[[ Entries provided, beginning ]]

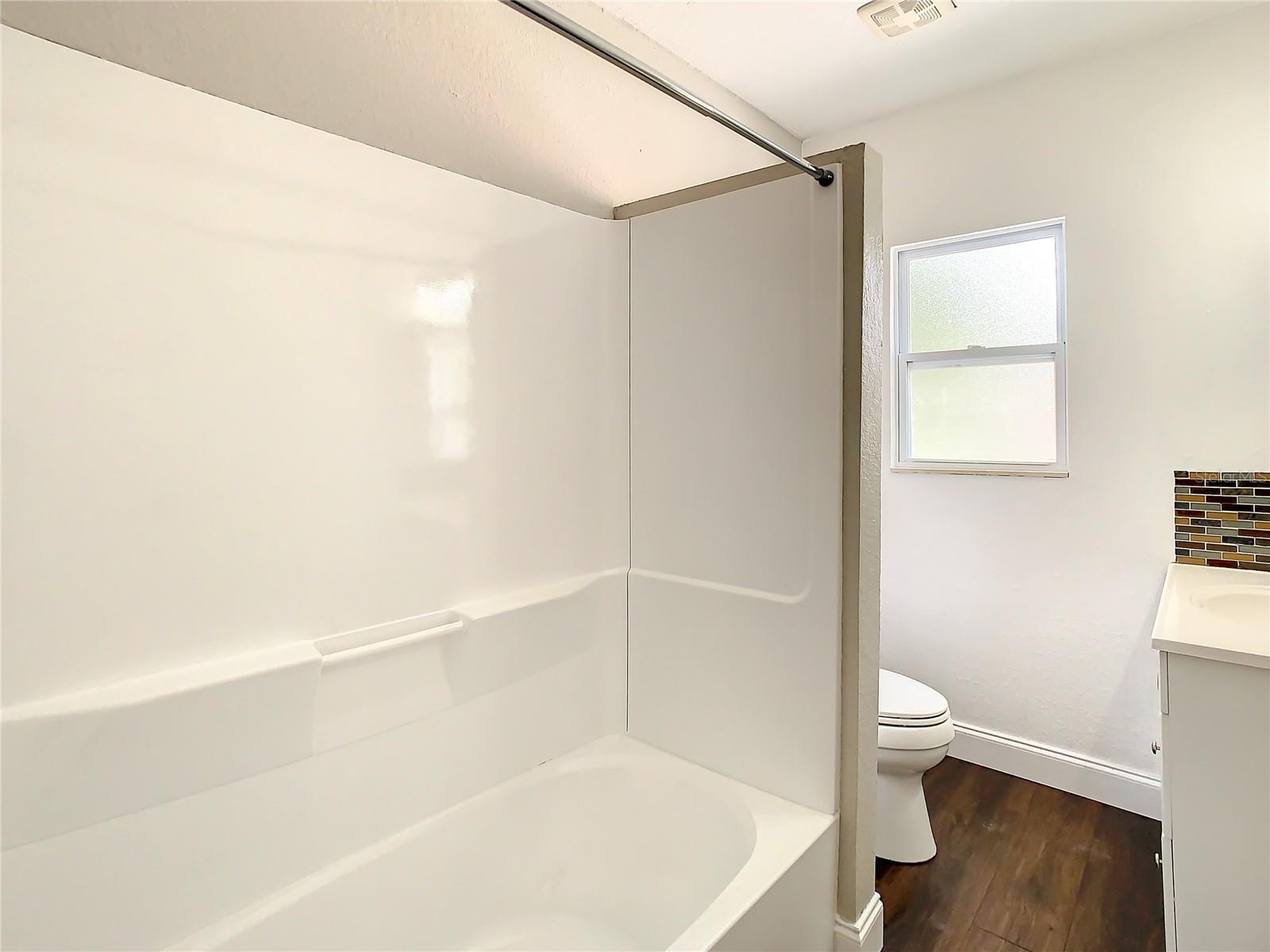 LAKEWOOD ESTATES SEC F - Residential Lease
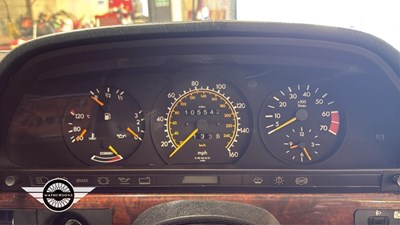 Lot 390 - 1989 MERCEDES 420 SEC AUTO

[[ Entries provided, end ]]
[[ Entries provided, beginning ]]

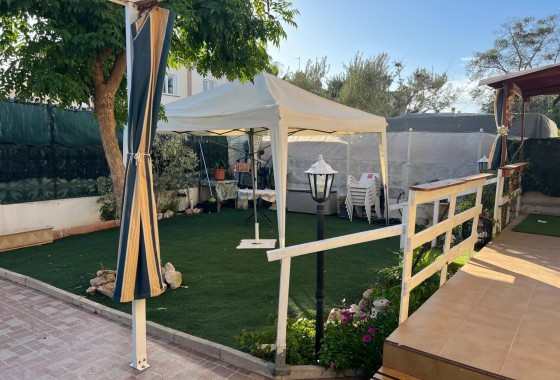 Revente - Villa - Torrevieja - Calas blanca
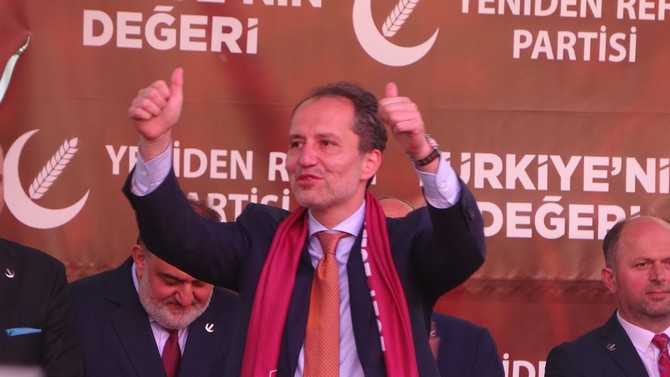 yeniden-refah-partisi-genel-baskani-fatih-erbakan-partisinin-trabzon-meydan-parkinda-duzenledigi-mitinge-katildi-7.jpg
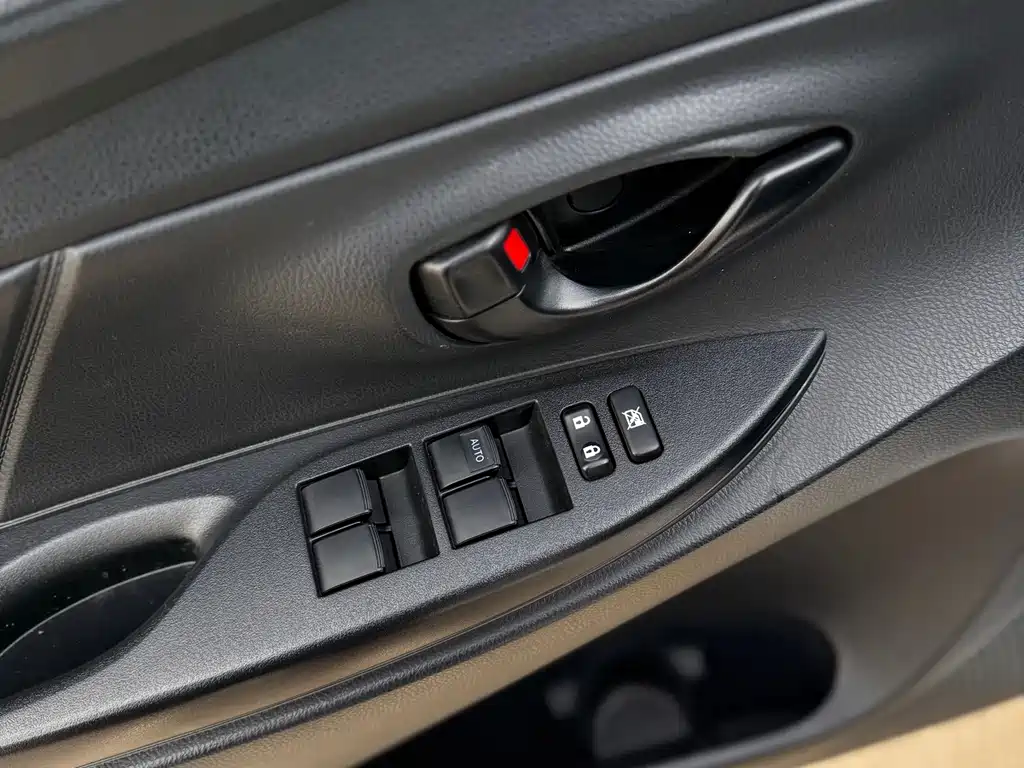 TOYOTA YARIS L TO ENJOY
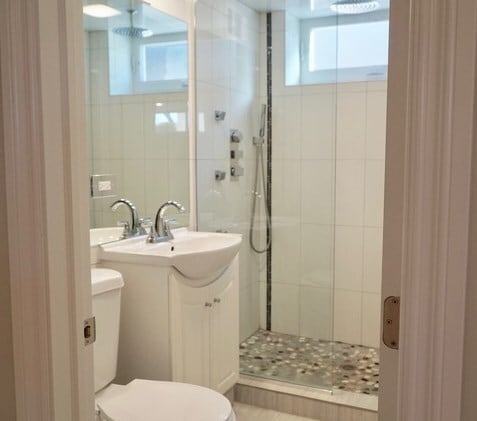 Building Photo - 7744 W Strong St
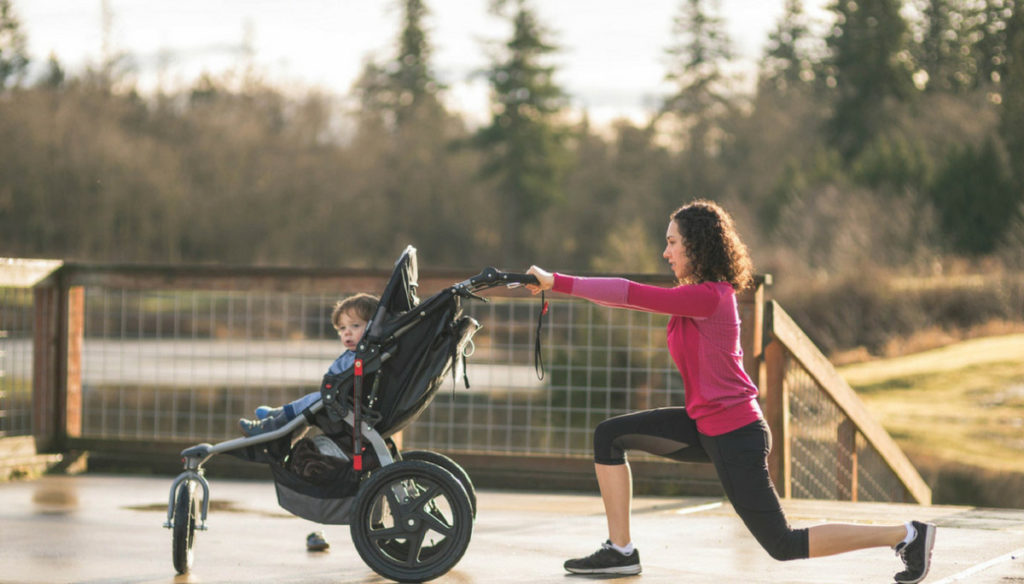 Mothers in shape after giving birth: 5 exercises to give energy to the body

[[ Entries provided, end ]]

→ What to work on: What are the lines in the records above, word for word, from the one containing "TOYOTA YARIS L TO ENJOY" through the one containing "Mothers in shape", both ends included and pictures left out?

→ Solution:
 TOYOTA YARIS L TO ENJOY
 Building Photo - 7744 W Strong St
 Mothers in shape after giving birth: 5 exercises to give energy to the body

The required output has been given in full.